§ **Information shown**:
————————
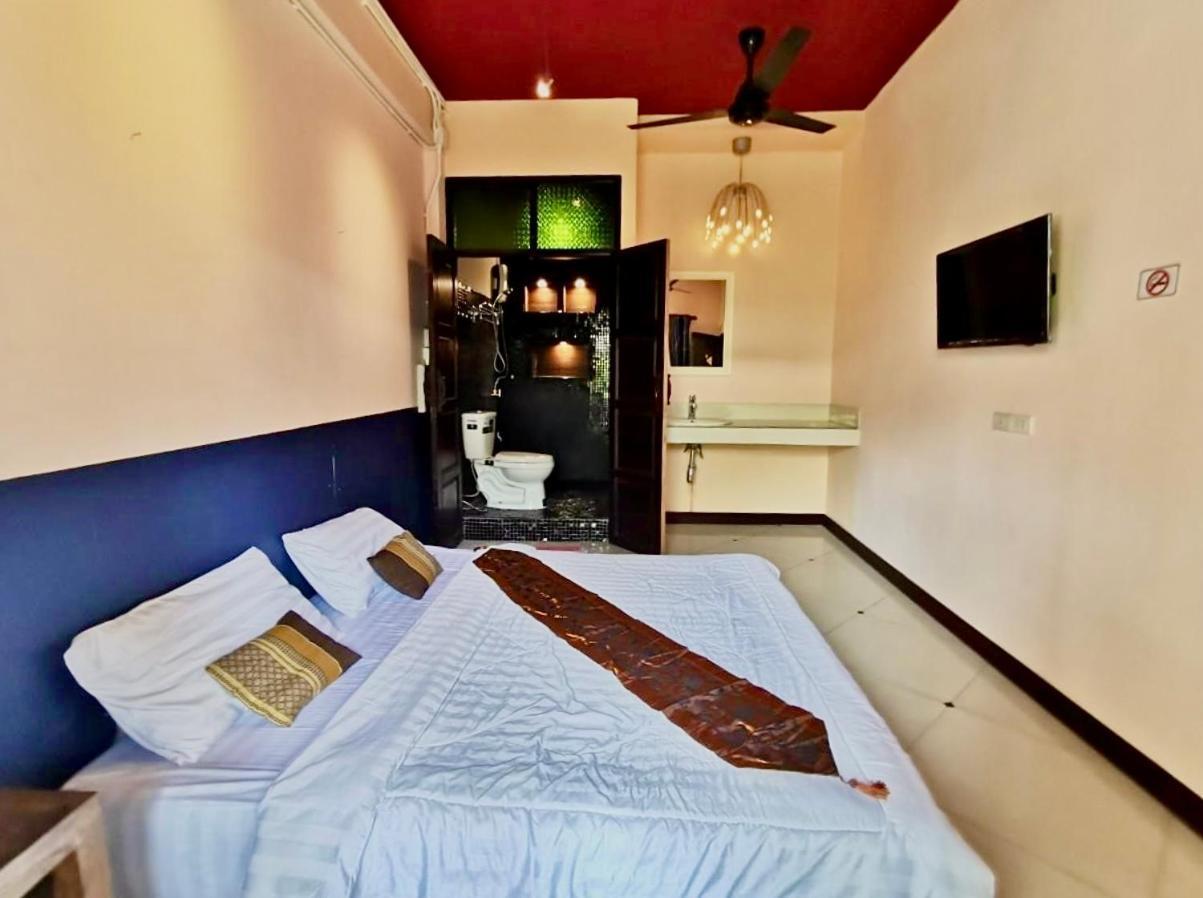 Madera House Chiang Mai Hotel ภายนอก รูปภาพ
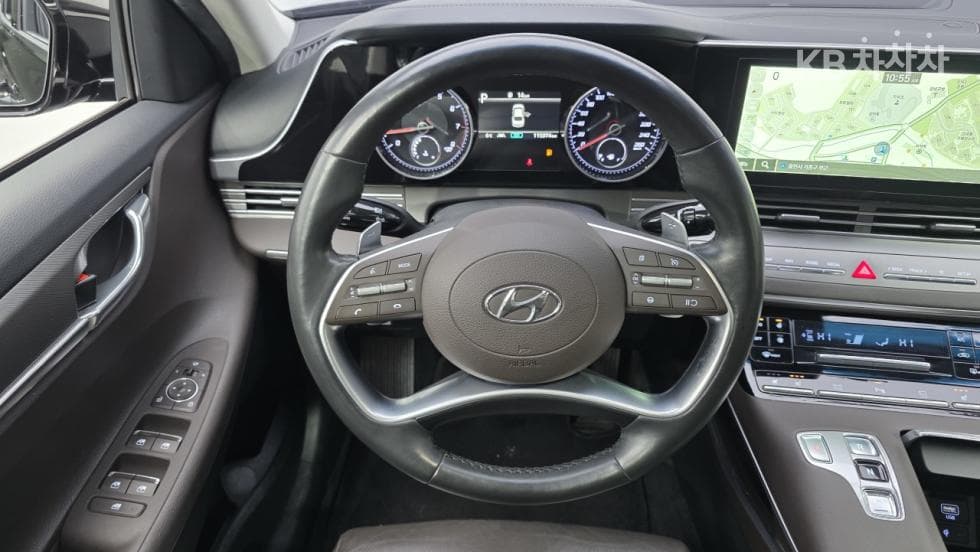 Хюндай The New (фейслифт) Grandeur (Azera)2.5 Premium 초이스 - 12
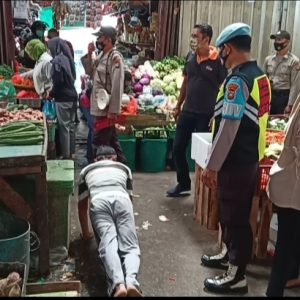 Langgar Prokes Pedagang dan Pengunjung Pasar Dikenakan Sanksi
————————
§ **Problem**: Give back the whole listing exactly as it stands. Drop every picture.

§ **Written answer**:
 Madera House Chiang Mai Hotel ภายนอก รูปภาพ
 Хюндай The New (фейслифт) Grandeur (Azera)2.5 Premium 초이스 - 12
 Langgar Prokes Pedagang dan Pengunjung Pasar Dikenakan Sanksi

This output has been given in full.